Et voilà enfin un tabou levé : la même question nous brûlait les lèvres. M. Cohen explique que plus l'Europe s'élargit, moins elle est en mesure de prendre des décisions. En passant de six à quinze pays en moins de quarante ans, et en envisageant de passer à vingt-sept, elle se transforme en foire d'empoigne.
Non seulement la multiplicité des Etats membres, tous pourvus d'un haut degré de souveraineté, constitue un facteur de désordre et de chamailleries incessantes, les plus petits étant très sourcilleux quant au fonctionnement démocratique des institutions européennes ; mais la disparité entre les économies déjà intégrées et celles qui arrivent est telle que l'Union court le risque d'être celle du dénominateur commun le plus bas possible.
Or, par manque d'intégration politique, l'Union n'est pas gouvernée. C'est un forum où les droits du Luxembourg ne sont pas moins respectables que ceux de la France, et ce n'est que justice. Chaque gouvernement a déjà bien du mal à régler ses propres problèmes économiques et sociaux. Comment croire qu'un organisme unique va décider du sort de 500 millions de personnes dont les niveaux de vie moyens iront de un à dix ?
Existe-t-il une politique européenne capable d'apporter une contribution à la solution des dossiers « chauds » du monde ? Existe-t-il une politique européenne contre le ralentissement économique ? Au lendemain du 11 septembre, les Etats-Unis ont pris, en quelques jours, parfois en quelques heures, d'énormes décisions financières, baisse drastique des taux d'intérêt, aide colossale à New York et aux compagnies aériennes, injection de capitaux dans l'économie, révision complète des dispositions budgétaires. Tout ce qu'on fait en Europe, c'est, comme d'habitude, d'attendre que la croissance américaine reprenne.

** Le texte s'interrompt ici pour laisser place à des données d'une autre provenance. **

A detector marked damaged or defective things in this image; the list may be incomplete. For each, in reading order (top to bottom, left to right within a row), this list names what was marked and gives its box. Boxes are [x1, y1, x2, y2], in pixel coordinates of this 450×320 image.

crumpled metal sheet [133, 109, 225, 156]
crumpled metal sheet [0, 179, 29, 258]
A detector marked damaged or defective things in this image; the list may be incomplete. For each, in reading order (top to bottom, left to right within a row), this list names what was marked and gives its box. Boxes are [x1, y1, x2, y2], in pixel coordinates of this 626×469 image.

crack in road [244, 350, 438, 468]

Voilà de quoi souffre l'euro. Le 11 septembre, il a semblé profiter de la baisse du dollar. Mais cela n'a pas duré une semaine. Si des attentats aussi graves, si la récession de l'économie américaine n'ont pas eu raison du dollar qui, aujourd'hui, vaut encore 7,40 F, qu'est-ce qui peut nous faire croire que l'euro remontera un jour à son taux initial, soit 1,17 dollar ?

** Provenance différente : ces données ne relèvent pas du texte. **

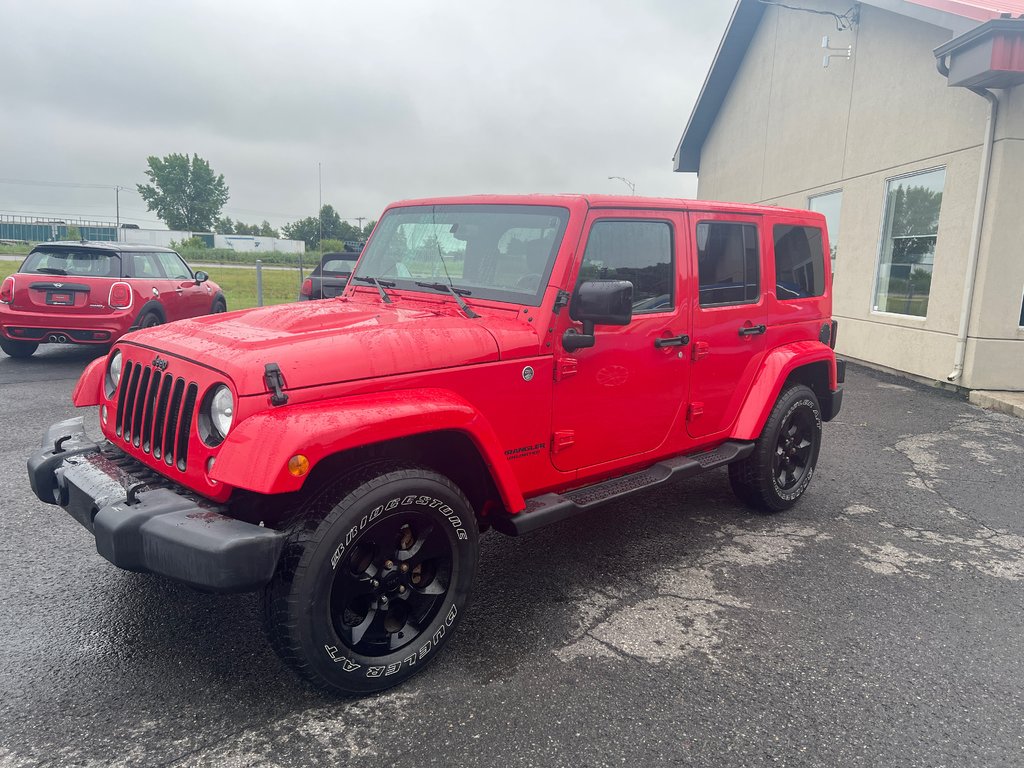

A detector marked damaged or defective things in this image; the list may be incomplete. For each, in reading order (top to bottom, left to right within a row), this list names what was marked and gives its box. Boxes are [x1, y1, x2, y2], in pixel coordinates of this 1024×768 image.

On n'ose imaginer ce que va devenir un Parlement européen où seront représentés vingt-sept peuples, tous avec des aspirations et des appétits parfois différents, parfois contradictoires. Il semblerait que l'Union européenne, loin de vouloir se constituer en grande puissance avec une défense, une monnaie, une politique communes, et qui deviendrait la deuxième superpuissance mondiale, n'a pour ambition que de devenir la grenouille qui se veut plus grosse que le bœuf. La contribution européenne à l'extraordinaire opération des Américains en Afghanistan est nulle ou dérisoire ; nous sommes paralysés par une crise qui atteint les trois grandes zones économiques mondiales, l'Amérique, le Japon et l'Europe ; et au moment où les Européens ne peuvent attendre de salut que d'eux-mêmes, ils ne disposent pas des outils politiques nécessaires à une relance de leurs économies.
Si l'Europe comptait dans les élections générales de l'an prochain, ni Chirac ni Jospin n'auraient la moindre chance. Quelques années ont été perdues dans les bisbilles de la cohabitation et dans un projet aveugle, l'élargissement, qui créera infiniment plus de problèmes qu'il n'en résoudra.